Azul Linhas Aéreas Brasileiras said it has been approved to list its common shares and American depositary shares on the NYSE American marketplace, with ADS trading expected to begin at market opening on June 1, 2026 under the ticker symbol AZUL. John Rodgerson framed the move as the next step toward a full U.S. market listing, saying the company is on track to uplist to the New York Stock Exchange in early July 2026.
The approval covers both the company’s common shares and ADSs and comes with conditions: Azul said the June 1 listing of ADSs on NYSE American is subject to listing conditions, and that its common shares will continue to trade on Brazil’s B3. “Our listing on NYSE American marks a defining moment for Azul as we emerge from our restructuring process on a stronger financial footing,” Rodgerson said, and he added, “We are on track to uplist to the New York Stock Exchange in early July 2026, when we expect to satisfy all applicable listing requirements and conditions.”
The company’s statement places the NYSE American debut squarely between two milestones. Azul described the listing as occurring after its restructuring process and said its ordinary shares will remain listed on B3, keeping the company anchored to Brazil even as it adds a U.S. listing vehicle for investors. The timetable is explicit: ADSs on NYSE American on June 1, 2026, and an anticipated uplist to the New York Stock Exchange in early July 2026, if the remaining requirements are met.
The friction in the plan is procedural: the June 1 start on NYSE American is conditioned on regulatory and exchange approvals, and the subsequent uplisting to the New York Stock Exchange depends on Azul satisfying all applicable listing requirements and conditions in just over a month. Rodgerson’s language emphasizes confidence and timing, but the company has not yet said which conditions remain outstanding or how they will be resolved within the tight window between the two actions.
For shareholders and market watchers, the sequence matters because it defines the company’s path into broader U.S. capital markets. Azul’s ADSs trading under AZUL on NYSE American will be the immediate public signal in New York; the planned early July uplist to the New York Stock Exchange would be the larger symbolic and market-structure shift, subject, again, to meeting the exchange’s standards. The company has tied the listing plan to the completion of its restructuring, presenting the two moves as a coordinated relaunch onto U.S. markets.

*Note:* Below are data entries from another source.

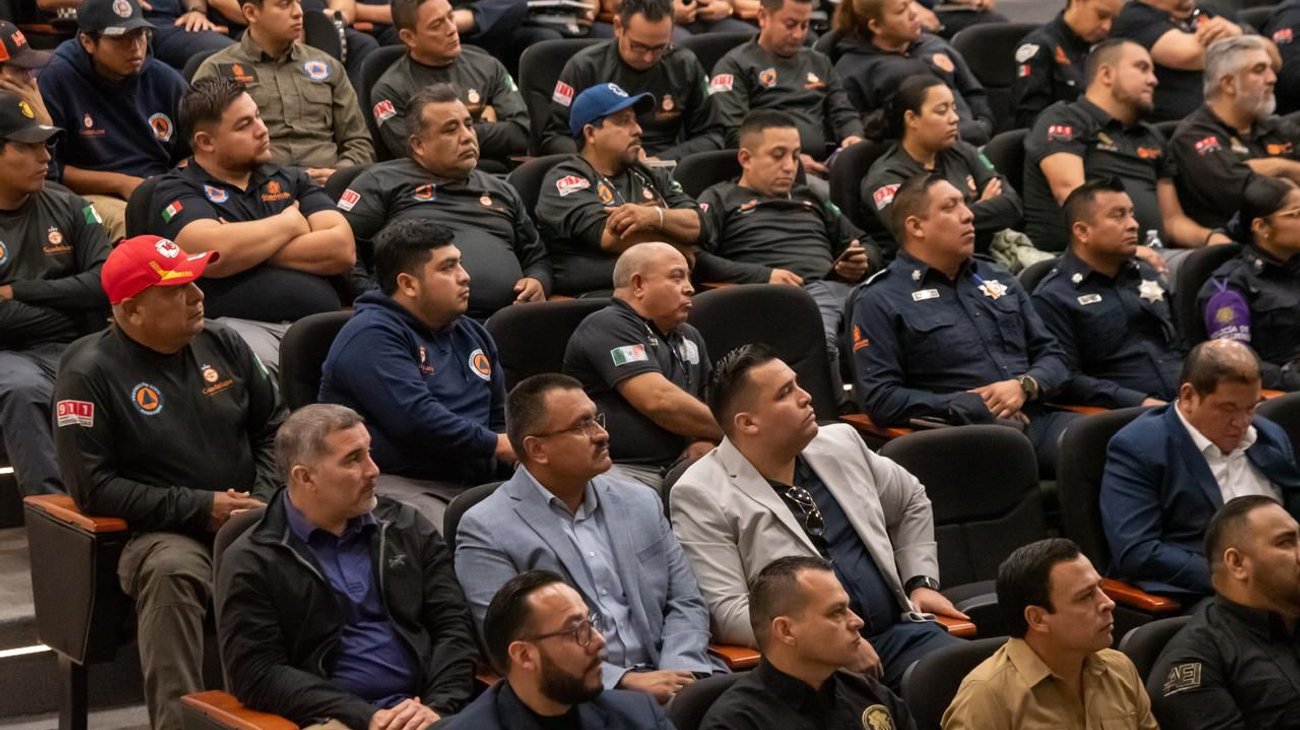 Whats_App_Image_2026_02_17_at_3_30_08_PM_c3915a0e6c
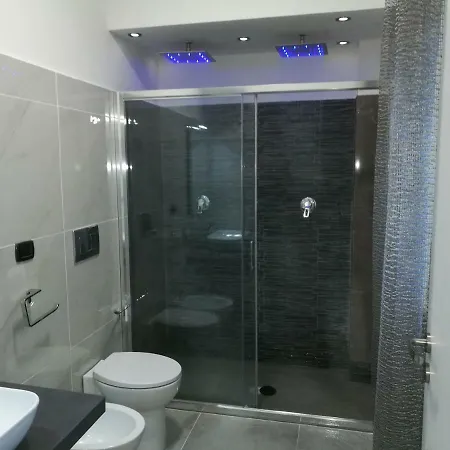 Lido 1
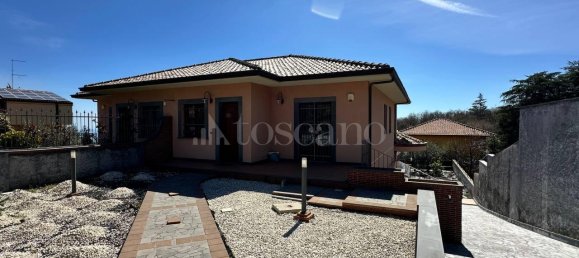 6-Zimmer Villa in Pedara, Italy, Nr. 49557 26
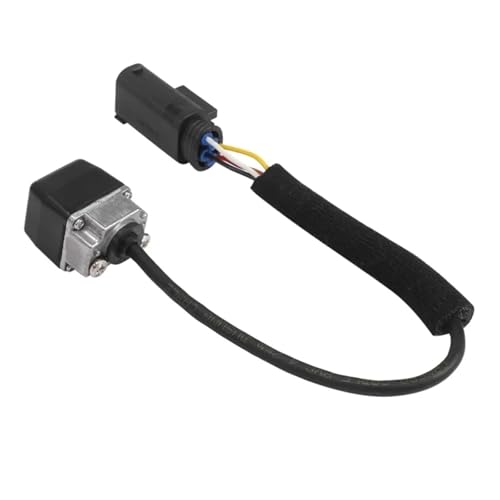 Caméra de recul pour Hyundai Santa Fe 2010-2012 pièce d'origine OE 95750-2B500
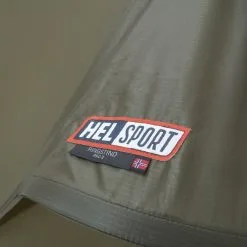 Helsport Ringstind Pro 2 -Sacs De Couchage Soldes ringstind pro 2 12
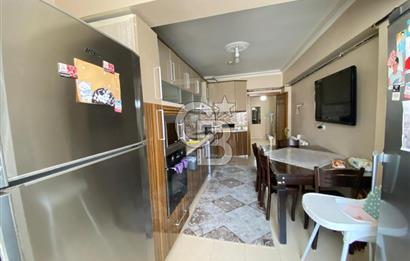 Eryaman Mah. Cadde Cepheli Teraslı 4+2 Dubleks Satılık Daire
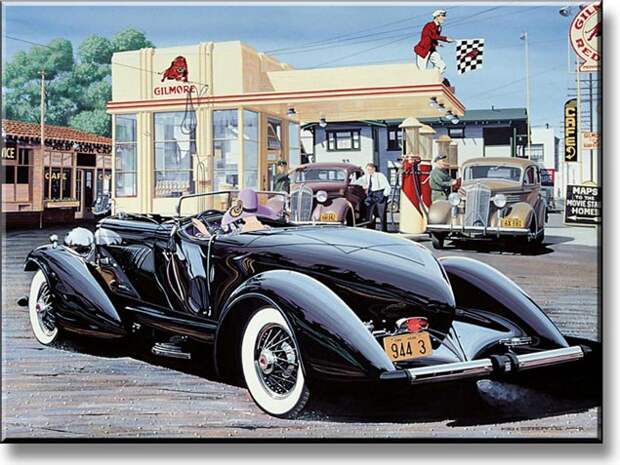 93916183_large_duesenberg02 (635x477, 84Kb)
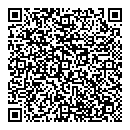 QR код "Теремок"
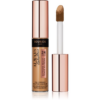 Bourjois Always Fabulous folyékony korrektor a teljes fedésre árnyalat Beige Dore 11 ml-Ár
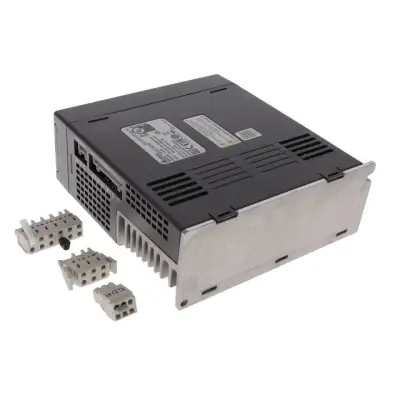 ASD-A2-1521-M main image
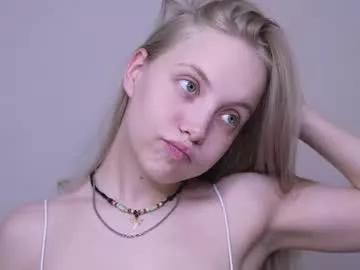 appr0ved from Chaturbate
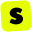 sweepshark.com icon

The single most consequential unanswered question is whether Azul can clear the remaining listing conditions in time for an early July transfer to the New York Stock Exchange. If the company satisfies those conditions, the two-step approach would put Azul on a major U.S. exchange within weeks; if it does not, the firm would still gain a NYSE American presence but would face renewed scrutiny over timing and the durability of its post-restructuring footing.